## [Dataset excerpt]
Content starts
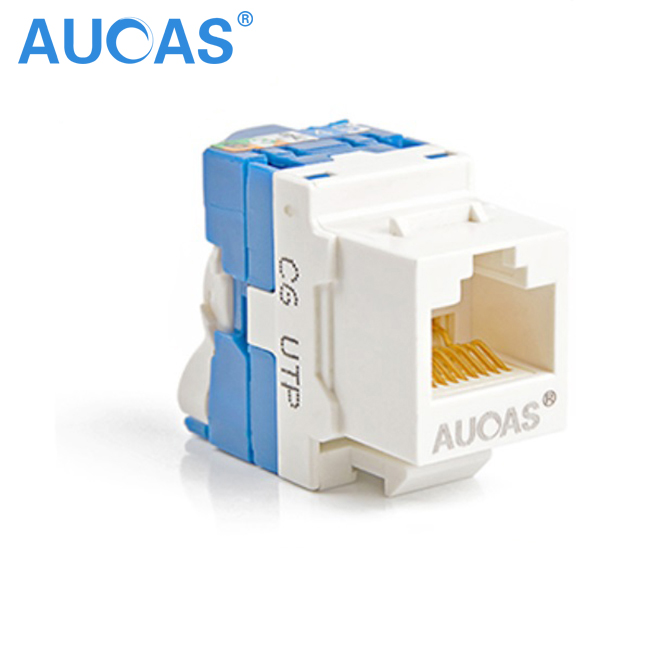 Aucas бренд CAT6 UTP вращающийся инструмент Keystone Jack модульный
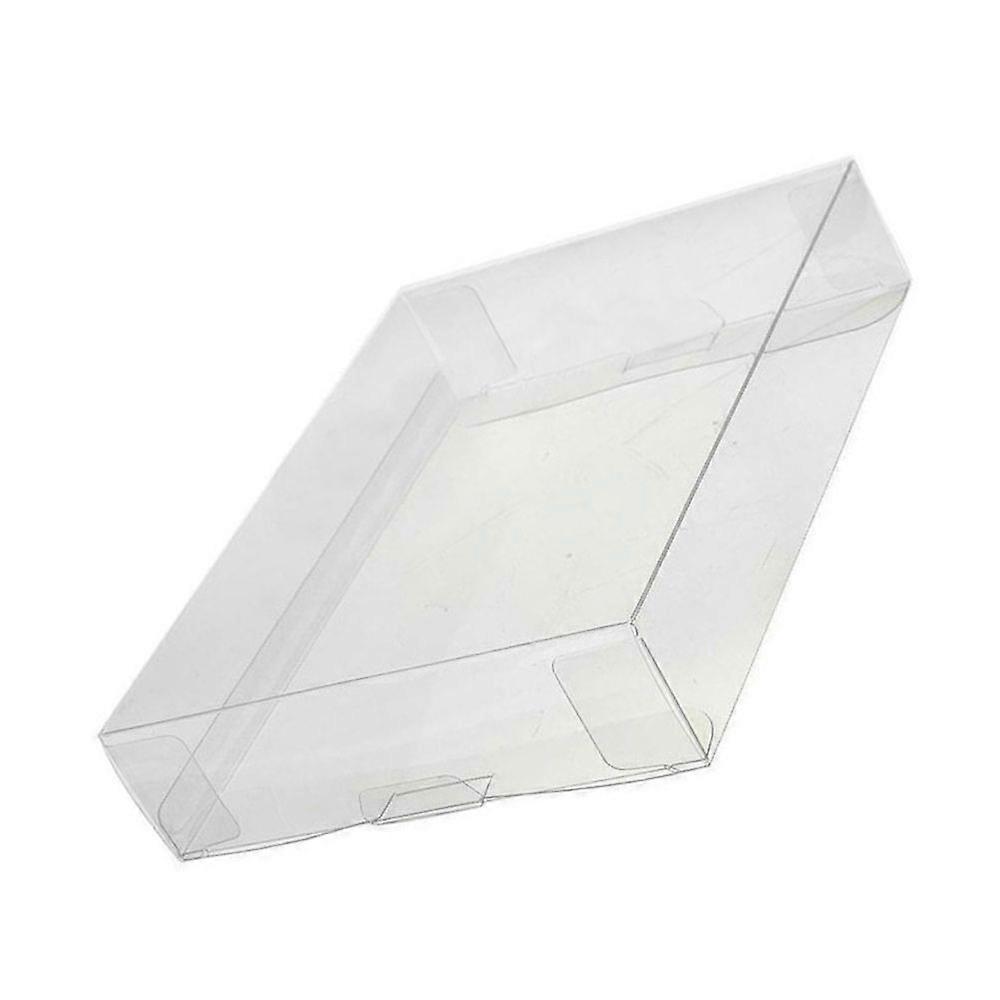 10Pcs/Lot Clear PET Plastic Box Protector Case Sleeves Cover for SNES N64 CIB Boxed Games Box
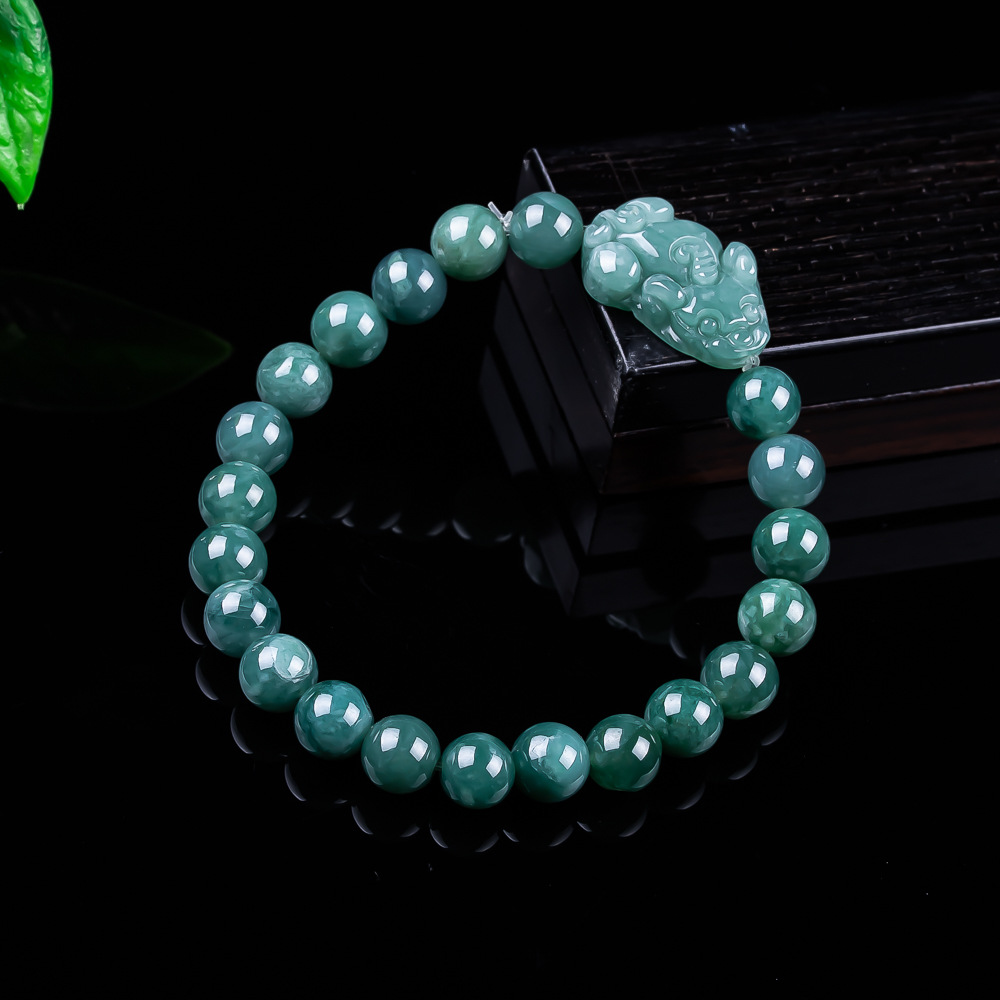 Vintage Collector - Gelang Pixiu Giok Burma Alami Hadiah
Content ends
## [Task item]
All of the material above must be retyped exactly, line for line, with the images dropped.

## [Task response]
 Aucas бренд CAT6 UTP вращающийся инструмент Keystone Jack модульный
 10Pcs/Lot Clear PET Plastic Box Protector Case Sleeves Cover for SNES N64 CIB Boxed Games Box
 Vintage Collector - Gelang Pixiu Giok Burma Alami Hadiah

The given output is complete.